**What needs to be done:** Lines from the one holding "thumbnail image 3" through the end of the entries, inclusive, form the whole output; reproduce them exactly and omit pictures.

**Input:**
- Opening Delimiter -
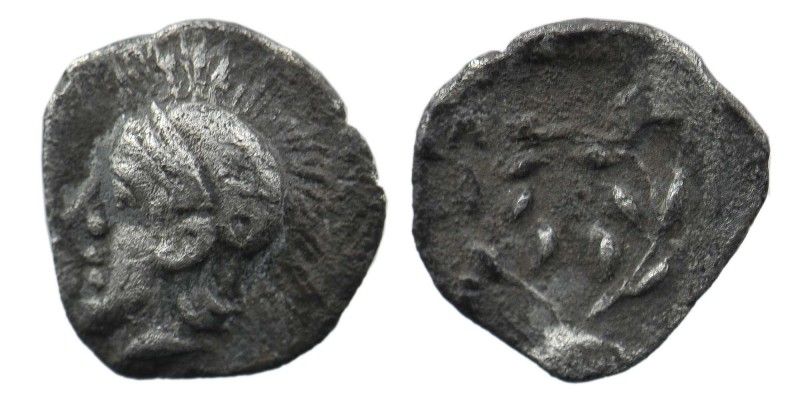 Aeolis, Elaia AR Hemiobol. Circa 350-320 BC. 
Helmeted head of Athena left, pell...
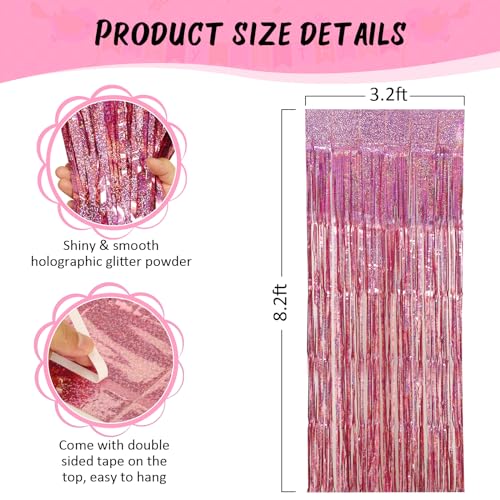 Image of Accevo Pink Party Streamers 3Pack Glitter Foil Fringe Curtain 3.2ft x 8.2ft Pink Party Decor Photo Booth Streamers Metallic Tinsel Door Streamer for Valentines Day Decorations Christening Party Decor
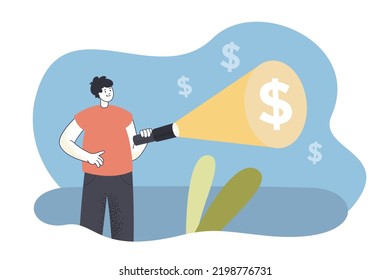 Man with flashlight looking for money direction, profit. Person finding hidden income flat vector illustration. Business growth, opportunity concept for banner, website design or landing web page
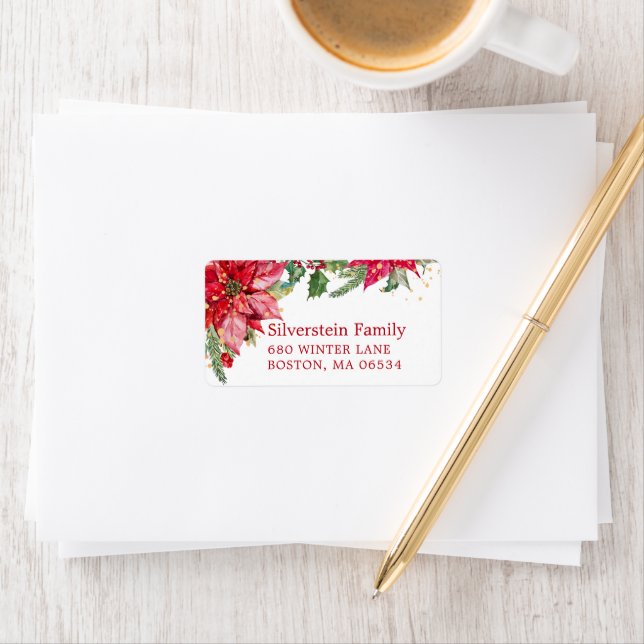Julstjärna Poinsettia Guldstänk Adress Adressetikett (Insitu)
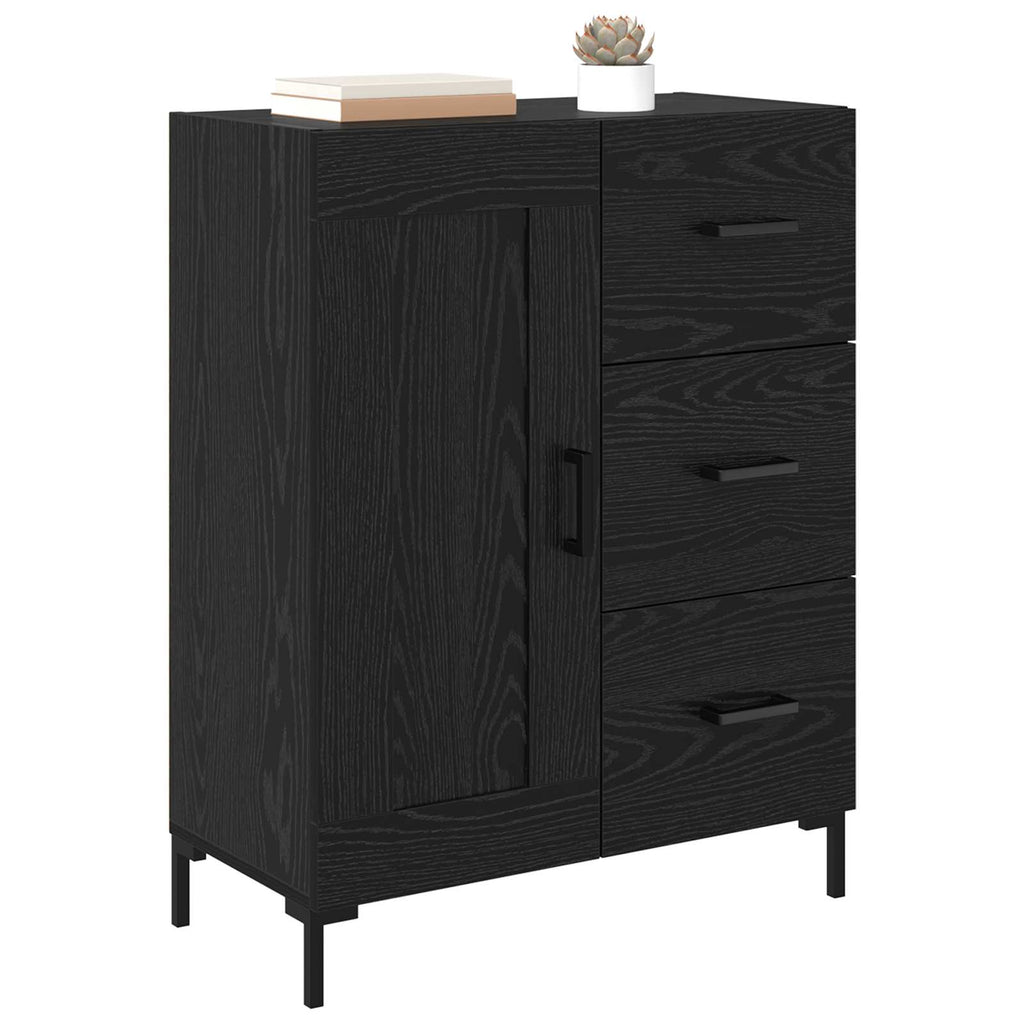 vidaXL Bufet Czarny dąb 69.5 x 34 x 90 cm Materiał drewnopochodny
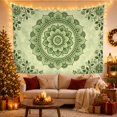 thumbnail image 3 of Leafy Botanical Branches with Placed Mandala Composed, Serene Watercolor for Plant Lovers, Aesthetic Wall Decor, Mother'S Day Gift, Tapestry Wall Hanging for Dorm and Living Room, 3 of 7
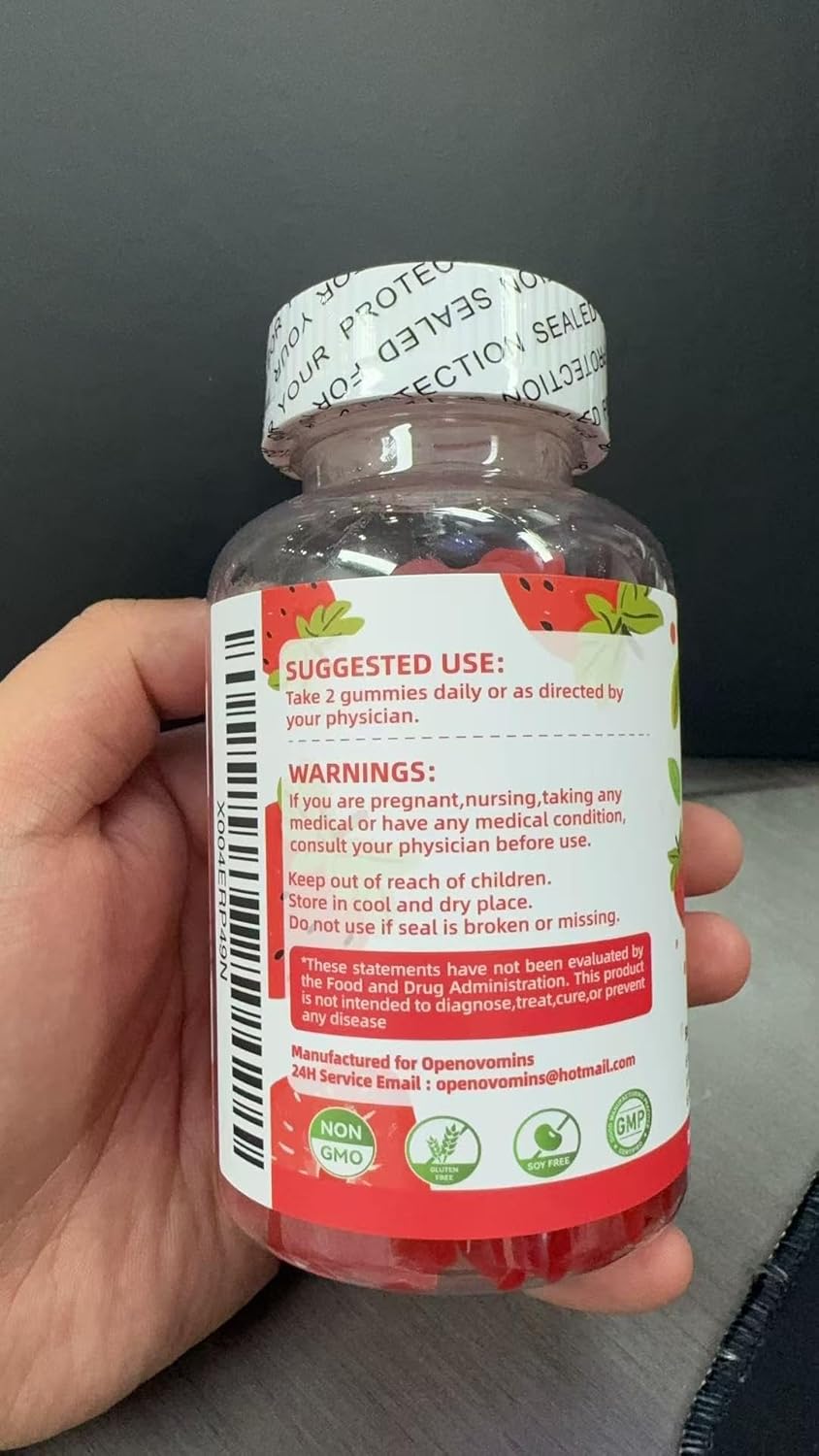 Sugar-Free Magnesium Glycinate Gummies 2500mg with Vitamin D, B6, CoQ10 - Calm Mood & Sleep Support - 90 Strawberry Gummies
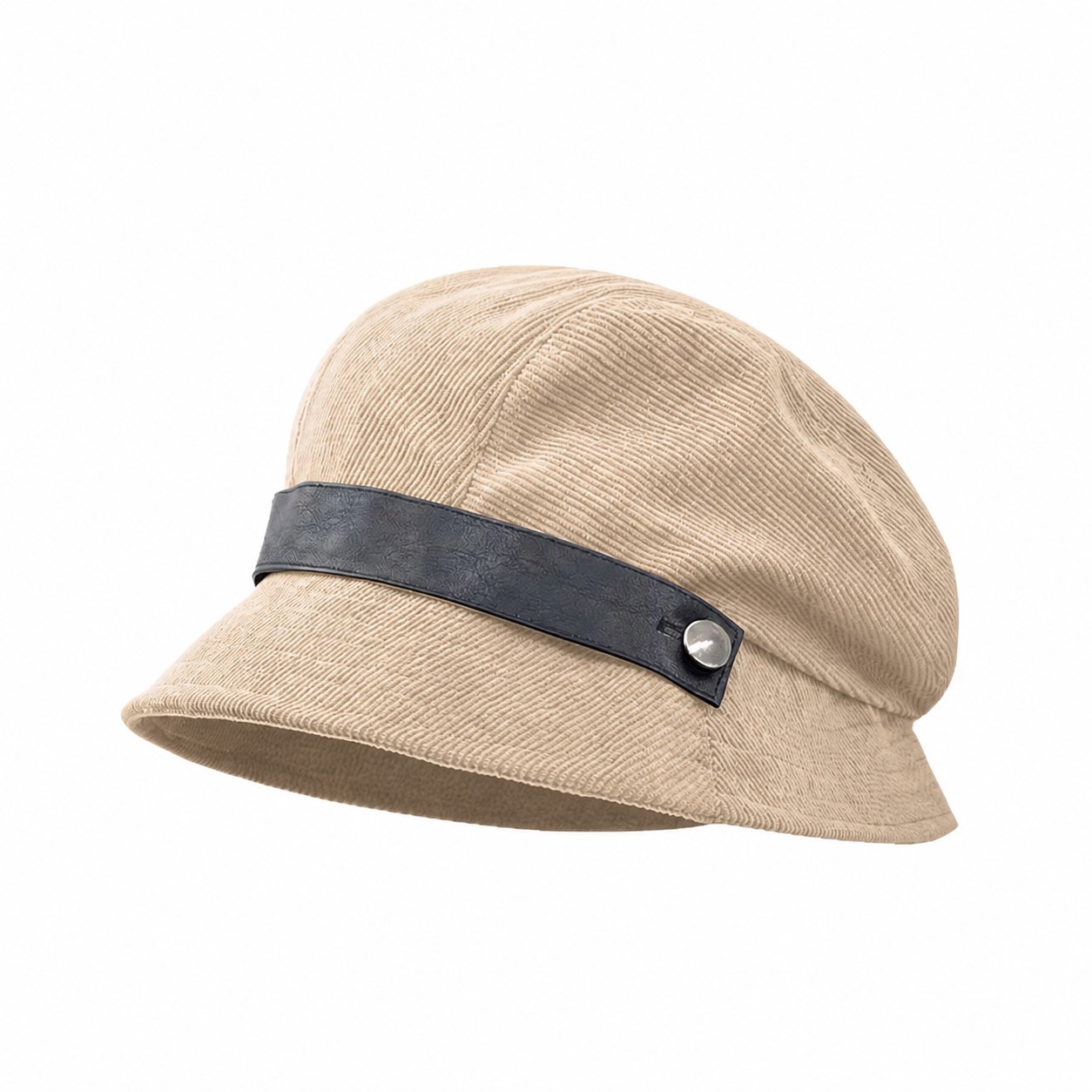 Corduroy Short Brim Cadet Cap — Beige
- Closing Delimiter -
**Response:**
 thumbnail image 3 of Leafy Botanical Branches with Placed Mandala Composed, Serene Watercolor for Plant Lovers, Aesthetic Wall Decor, Mother'S Day Gift, Tapestry Wall Hanging for Dorm and Living Room, 3 of 7
 Sugar-Free Magnesium Glycinate Gummies 2500mg with Vitamin D, B6, CoQ10 - Calm Mood & Sleep Support - 90 Strawberry Gummies
 Corduroy Short Brim Cadet Cap — Beige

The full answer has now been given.